Think that careless flick of cigarette is harmless? Are you certain those ashes from your grill are fine to put in a paper bag and dropped in your garbage can?
An unusually dry start to April and high winds have made conditions over most of Wisconsin ripe for unintentional fires that can spread rapidly across moisture-less lawns and landscapes.
Greenfield Fire Department Chief Jon Cohn said with a few wise decisions, however, residents can combat the conditions and keep fire dangers to a minimum.
"If people are more mindful of what they’re doing and think about the potential consequences, if you eliminate most of the causes, you eliminate most of the threat," Cohn said.
Emergency burning restrictions have been in effect across the state since Friday. The restrictions include the suspension of all Department of Natural Resources burn permits and the prohibition of burning debris piles or using burn barrels.
Smoking a pipe, cigar or cigarette in the outdoors is prohibited, as is throwing any burning material (cigarette, matches or ashes) from a vehicle.
In addition, it is advised to avoid using campfires and even charcoal or propane grills until the conditions change and the emergency burning restrictions are lifted. Cohn suggested people with grill ashes wait a whole week before disposing of them.
According to the DNR's website, 68 of the state’s 72 counties, including Milwaukee, are under "very high" burning / fire conditions, defined as "very dangerous … fires start easily, spread very rapidly, crown and spot. Very difficult to control."
Cohn heard of a couple of exterior residential fires throughout Milwaukee County over the past few days and said it appeared those fires started in mulch surrounding the homes and spread to the buildings' exteriors.
In Greenfield, Cohn said his department responded to a few recent grass and brush fires. Crews also responded to a couple of calls over the weekend coming from residents concerned with their neighbors' burning or grilling habits.
"People's awareness seems to be heightened," Cohn said. "They're calling in things that might be too close to a structure. Until we get some rain and it lowers the risk, people should really limit any type of burning, even grilling."

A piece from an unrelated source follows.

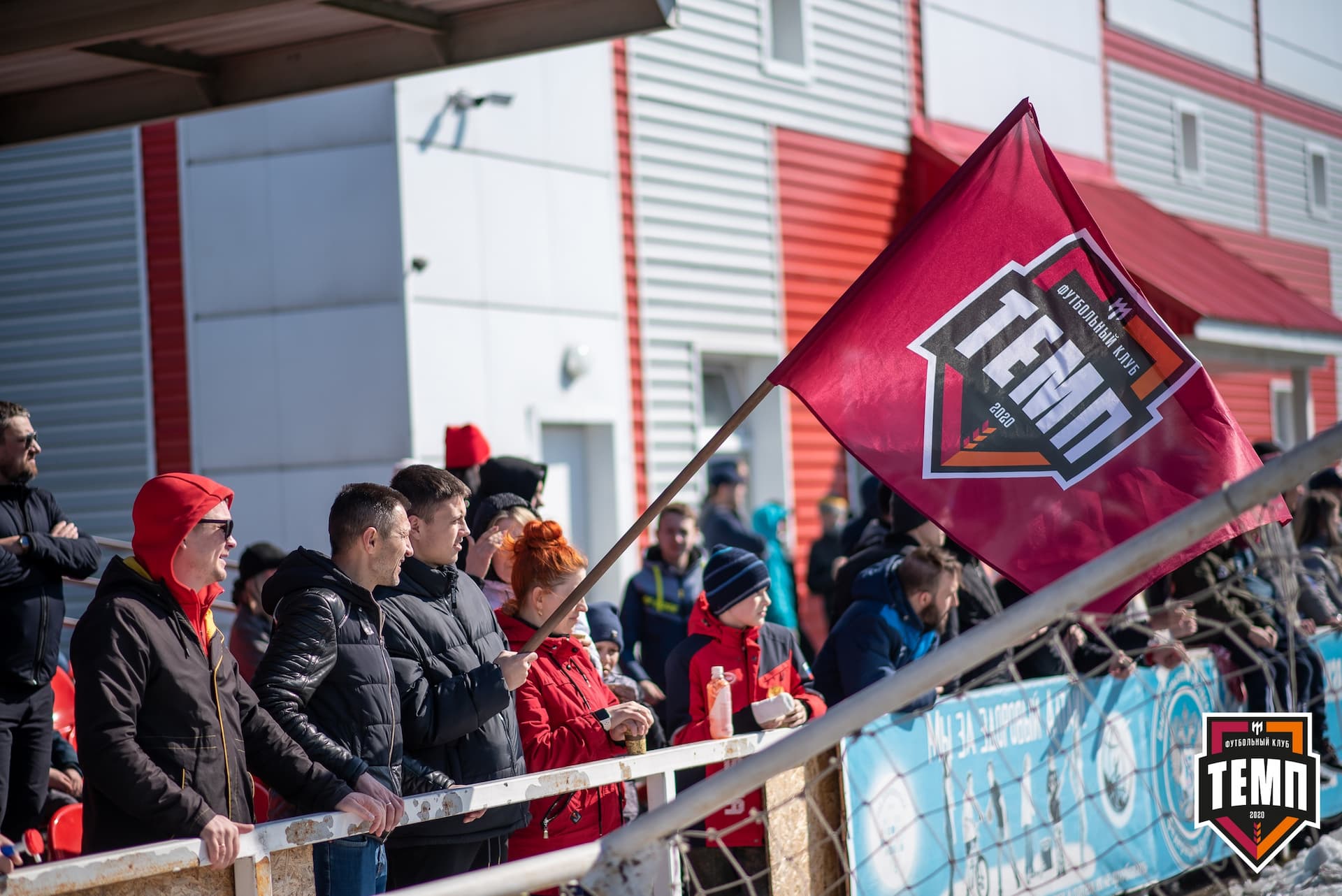 Турнир памяти В. Фомичева. «Томь-М» (Томск) - «Темп». 9 апреля — кадр 184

Cohn isn't particularly concerned with the possibility of a large-scale fire in any of the city's densely wooded areas or parklands, but extra precautions should be taken.
"Typically we don't see that around here because we don't have the underlying brush that is prevalent in other areas of the state, but there's some concern," he said. "I don't think we'll see a ravaging fire like they see out west or even up north, but there is potential."
"Areas around homes are what we're most concerned with. Someone uses a grill or discards a cigarette and it smolders enough to catch someone's house on fire. It may not be large in scope, but it's preventable."